Florence M. Harrison  1910 - 2004
After 93 years of a very eventful life, Florence Harrison passed away on March 4, 2004 in her Redondo Beach, CA home of 60 years. All of her early years were spent in Southern California. After achieving her Masters degree in Social Sciences she married Milo Harrison, an avid outdoorsman, who introduced her to the sports of rifle shooting and big game hunting, archery, and fresh and salt-water fishing. She excelled in all of these activities and even won an expert rifleman award for qualifying in the 200 to 1000 yard National Rifle Match course with the model 1903 military Springfield rifle. Being a female the government wouldn’t issue her the medal awarded for this achievement so her husband fabricated one and even inset a diamond.

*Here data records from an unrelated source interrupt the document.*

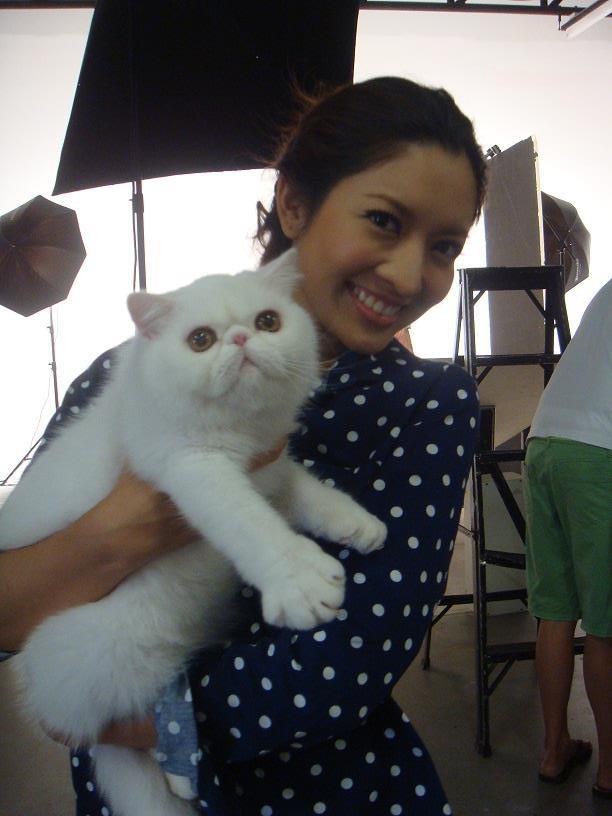 แอฟ ทักษอร กับเจ้าเหมียวสุดน่ารัก
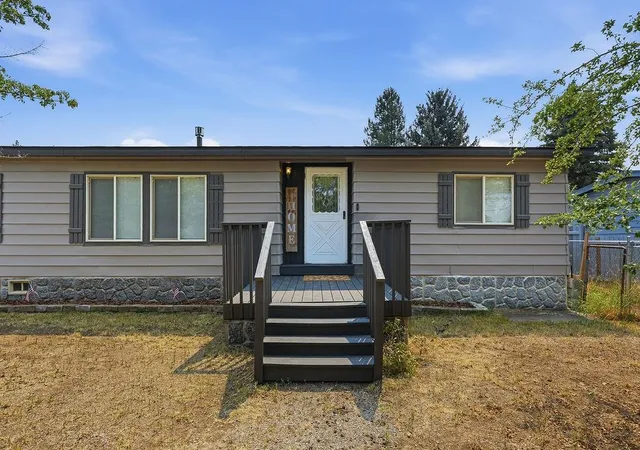 Photo 3 of Manufactured home for sale at 3210 E Denison Chattaroy Rd, Chattaroy, WA 99003 | MLS# 202624719 | Listing updated on 2026-09-26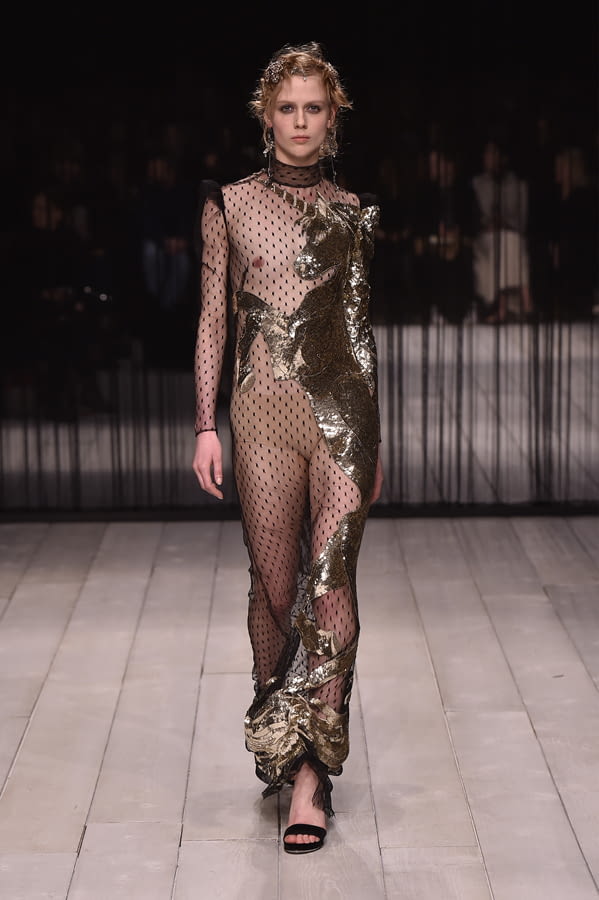 Fashion Week London Fall/Winter 2016 look 35 from the Alexander McQueen collection womenswear
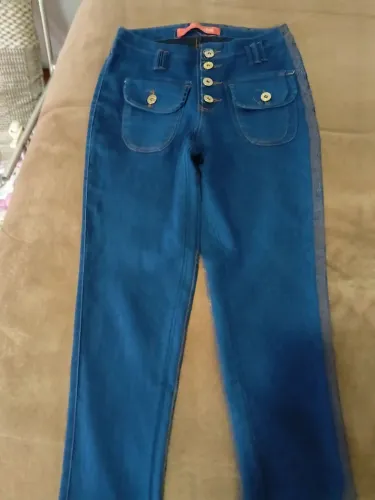 Calça com strech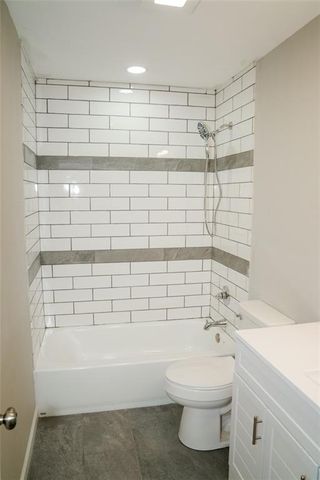 1121 S Lafayette Avenue, Chanute, KS 66720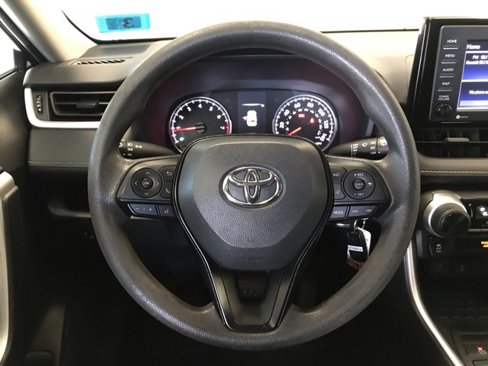 Certified 2021 Toyota RAV4 LE image 19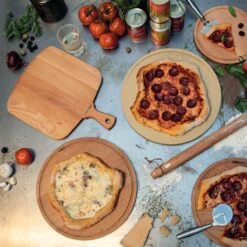 Boska Pizzaschep Amigo - Voor Warme En Koude Pizza - Kort Handvat - Beukenhout - 30 Cm Breed 11 Boska Pizzaschep Amigo - Voor Warme En Koude Pizza - Kort Handvat - Beukenhout - 30 Cm Breed -Keuken BBQ 1200x1200 343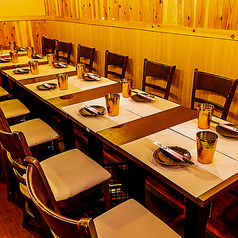 【新宿で飲み会なら♪】ソファ席もあるので落ち着いたオトナな癒しとくつろぎの空間をお過ごしいただけます♪誕生日月・記念日特典も大好評!オーナーのこだわりが詰まった店内。普段使いはもちろん、特別な日にも楽しい時間をお過ごしいただけるお店です♪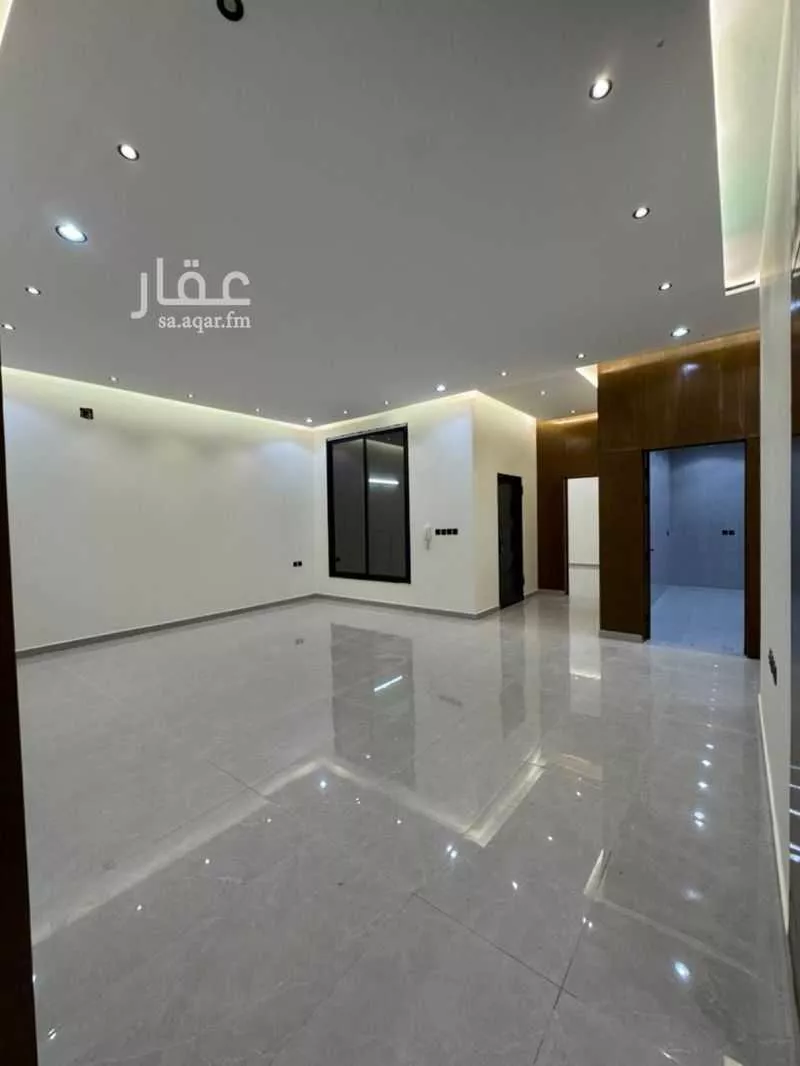 5 bedroom floor in Al Janadriyah 9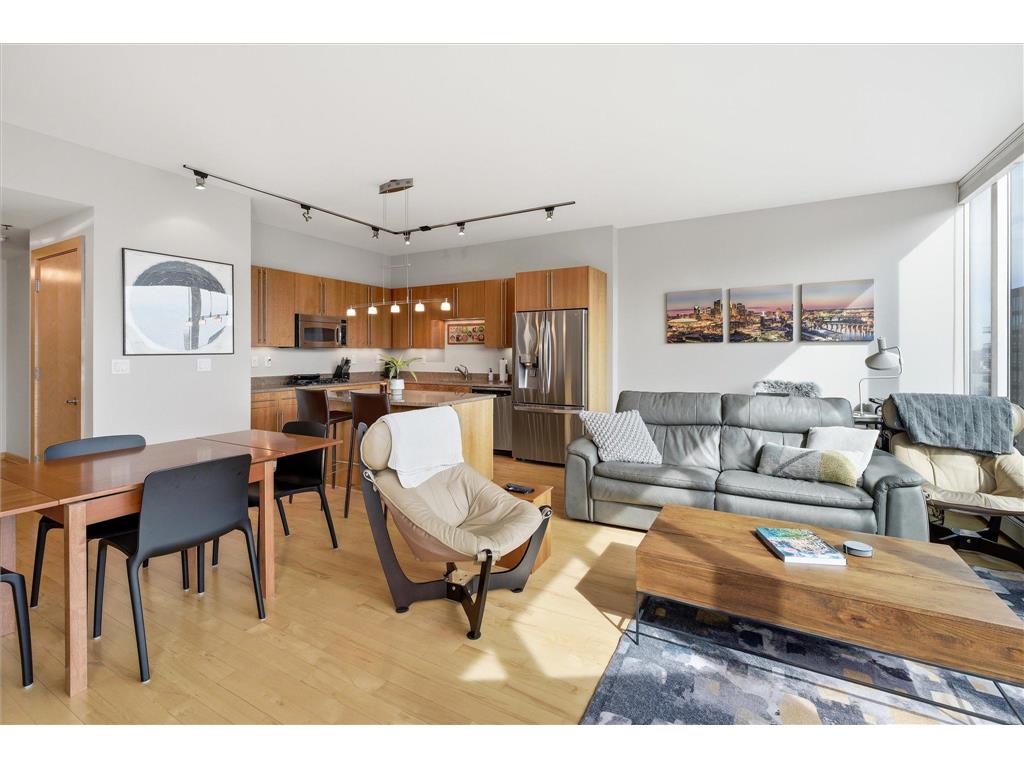 215 10th Avenue S #528 Minneapolis MN 55415 7062970 image22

To record their various activities they purchased a 21/4 X 31/4 Speed Graphic camera and set up a small darkroom in a corner of their bedroom. Florence soon had two children, Anita and James, to photograph and she was on her way. Her husband, Milo, was my best friend and I even helped her with her printing in 1936. She began photographing all of the neighborhood children and their pets that played with her two youngsters and developed a specialty for this field. She was using a 4x5 Graflex to help capture those fleeting expressions.

In 1947 she helped form the fledgling South Bay Camera Club and began her life’s work as a competitive photographer and winning her share of awards. In 1952 she joined the PSA and joined the CLICK CHICKS CAMERA CLUB. It is still a functional club without dues, constitution, officers or male members. . Their motto was “Out of the Kitchen and into the Darkroom”!

The PSA allowed her to express her full talent as a print maker and she quickly became a strong competitor and won the status of the FPSA rating with the five star, ruby, Steuben glass and Kinsley awards. She was also active in the affairs of PSA by attending conventions, serving on various boards and committees, and lecturing. Her PSA audio and slide program, “Clicking the Camera at Kids, Cats and Canines” is still in demand by camera clubs across the country.

Milo died in 1972 but Florence kept up her camera activities and married Ed Field, a pictorial photographer and member of the Circle of Confusion club in Whittier. Ed liked to travel and together they visited 11 foreign countries that gave her the possibility to take more prize-winning shots. China was so fascinating that she made five trips to that exciting country.

Ed passed away after a long illness and at the suggestion of our two families; Florence and I renewed our friendship and married in 1989. Our first action was to take a thirty-day trip to Thailand and China then purchased a motor home with which we traveled 100,000 miles in the following twelve years. Our trips covered all of the North American Continent from coast to coast and north of the Arctic Circle to Belize in the south. We shot photos all the way and developed the negatives from our 21/4 x 21/4 cameras on the spot in the motor home. Our biggest problem was trying to figure out who saw a picture possibility first and thereby had the right to enter it in the next club competition! As black and white competition declined and digital cameras became the norm we sadly put our cameras on the shelf. All who knew her will miss Florence.